**WHAT THE EXERCISE ASKS:**
Copy the entire listing exactly.

**TASK MATERIAL:**
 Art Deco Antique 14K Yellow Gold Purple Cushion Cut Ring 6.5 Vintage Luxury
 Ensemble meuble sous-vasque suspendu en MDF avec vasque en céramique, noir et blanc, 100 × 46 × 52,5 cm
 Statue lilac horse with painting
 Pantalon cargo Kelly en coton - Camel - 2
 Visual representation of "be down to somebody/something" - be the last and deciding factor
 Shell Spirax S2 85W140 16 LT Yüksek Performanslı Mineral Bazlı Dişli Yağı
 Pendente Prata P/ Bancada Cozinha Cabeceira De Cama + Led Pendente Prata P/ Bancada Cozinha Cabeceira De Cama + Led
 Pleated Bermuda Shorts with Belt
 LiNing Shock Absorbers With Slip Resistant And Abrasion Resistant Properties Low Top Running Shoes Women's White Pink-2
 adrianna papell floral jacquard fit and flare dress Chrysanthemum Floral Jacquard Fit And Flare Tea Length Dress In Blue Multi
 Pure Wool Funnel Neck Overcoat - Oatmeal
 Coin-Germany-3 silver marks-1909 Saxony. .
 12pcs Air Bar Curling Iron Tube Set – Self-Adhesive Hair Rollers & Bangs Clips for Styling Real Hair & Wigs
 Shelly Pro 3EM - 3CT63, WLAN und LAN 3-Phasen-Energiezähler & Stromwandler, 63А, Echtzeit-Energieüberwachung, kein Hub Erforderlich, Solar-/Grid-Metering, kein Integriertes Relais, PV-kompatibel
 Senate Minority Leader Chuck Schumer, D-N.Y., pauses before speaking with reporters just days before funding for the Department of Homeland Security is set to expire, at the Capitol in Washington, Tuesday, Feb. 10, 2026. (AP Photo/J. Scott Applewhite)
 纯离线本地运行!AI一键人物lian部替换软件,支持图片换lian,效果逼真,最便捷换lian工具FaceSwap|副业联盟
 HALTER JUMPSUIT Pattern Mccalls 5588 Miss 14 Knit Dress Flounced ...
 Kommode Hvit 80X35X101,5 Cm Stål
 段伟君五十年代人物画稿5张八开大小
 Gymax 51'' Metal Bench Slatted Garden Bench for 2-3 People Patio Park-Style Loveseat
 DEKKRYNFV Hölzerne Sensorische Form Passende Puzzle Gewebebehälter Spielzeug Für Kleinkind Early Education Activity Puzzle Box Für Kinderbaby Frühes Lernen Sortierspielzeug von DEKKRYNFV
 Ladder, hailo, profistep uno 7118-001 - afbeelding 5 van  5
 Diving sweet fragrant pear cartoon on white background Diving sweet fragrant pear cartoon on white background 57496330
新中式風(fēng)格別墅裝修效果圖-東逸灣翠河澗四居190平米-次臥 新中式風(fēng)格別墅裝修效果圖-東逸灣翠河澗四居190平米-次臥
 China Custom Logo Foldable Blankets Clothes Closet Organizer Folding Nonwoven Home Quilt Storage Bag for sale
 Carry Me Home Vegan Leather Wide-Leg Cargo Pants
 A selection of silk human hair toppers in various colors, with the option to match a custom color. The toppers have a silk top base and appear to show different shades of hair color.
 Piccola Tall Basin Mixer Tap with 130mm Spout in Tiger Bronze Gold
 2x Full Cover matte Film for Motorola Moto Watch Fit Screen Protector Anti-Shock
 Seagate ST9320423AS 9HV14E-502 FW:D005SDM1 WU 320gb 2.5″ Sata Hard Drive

**YOUR SOLUTION:**
 Art Deco Antique 14K Yellow Gold Purple Cushion Cut Ring 6.5 Vintage Luxury
 Ensemble meuble sous-vasque suspendu en MDF avec vasque en céramique, noir et blanc, 100 × 46 × 52,5 cm
 Statue lilac horse with painting
 Pantalon cargo Kelly en coton - Camel - 2
 Visual representation of "be down to somebody/something" - be the last and deciding factor
 Shell Spirax S2 85W140 16 LT Yüksek Performanslı Mineral Bazlı Dişli Yağı
 Pendente Prata P/ Bancada Cozinha Cabeceira De Cama + Led Pendente Prata P/ Bancada Cozinha Cabeceira De Cama + Led
 Pleated Bermuda Shorts with Belt
 LiNing Shock Absorbers With Slip Resistant And Abrasion Resistant Properties Low Top Running Shoes Women's White Pink-2
 adrianna papell floral jacquard fit and flare dress Chrysanthemum Floral Jacquard Fit And Flare Tea Length Dress In Blue Multi
 Pure Wool Funnel Neck Overcoat - Oatmeal
 Coin-Germany-3 silver marks-1909 Saxony. .
 12pcs Air Bar Curling Iron Tube Set – Self-Adhesive Hair Rollers & Bangs Clips for Styling Real Hair & Wigs
 Shelly Pro 3EM - 3CT63, WLAN und LAN 3-Phasen-Energiezähler & Stromwandler, 63А, Echtzeit-Energieüberwachung, kein Hub Erforderlich, Solar-/Grid-Metering, kein Integriertes Relais, PV-kompatibel
 Senate Minority Leader Chuck Schumer, D-N.Y., pauses before speaking with reporters just days before funding for the Department of Homeland Security is set to expire, at the Capitol in Washington, Tuesday, Feb. 10, 2026. (AP Photo/J. Scott Applewhite)
 纯离线本地运行!AI一键人物lian部替换软件,支持图片换lian,效果逼真,最便捷换lian工具FaceSwap|副业联盟
 HALTER JUMPSUIT Pattern Mccalls 5588 Miss 14 Knit Dress Flounced ...
 Kommode Hvit 80X35X101,5 Cm Stål
 段伟君五十年代人物画稿5张八开大小
 Gymax 51'' Metal Bench Slatted Garden Bench for 2-3 People Patio Park-Style Loveseat
 DEKKRYNFV Hölzerne Sensorische Form Passende Puzzle Gewebebehälter Spielzeug Für Kleinkind Early Education Activity Puzzle Box Für Kinderbaby Frühes Lernen Sortierspielzeug von DEKKRYNFV
 Ladder, hailo, profistep uno 7118-001 - afbeelding 5 van  5
 Diving sweet fragrant pear cartoon on white background Diving sweet fragrant pear cartoon on white background 57496330
新中式風(fēng)格別墅裝修效果圖-東逸灣翠河澗四居190平米-次臥 新中式風(fēng)格別墅裝修效果圖-東逸灣翠河澗四居190平米-次臥
 China Custom Logo Foldable Blankets Clothes Closet Organizer Folding Nonwoven Home Quilt Storage Bag for sale
 Carry Me Home Vegan Leather Wide-Leg Cargo Pants
 A selection of silk human hair toppers in various colors, with the option to match a custom color. The toppers have a silk top base and appear to show different shades of hair color.
 Piccola Tall Basin Mixer Tap with 130mm Spout in Tiger Bronze Gold
 2x Full Cover matte Film for Motorola Moto Watch Fit Screen Protector Anti-Shock
 Seagate ST9320423AS 9HV14E-502 FW:D005SDM1 WU 320gb 2.5″ Sata Hard Drive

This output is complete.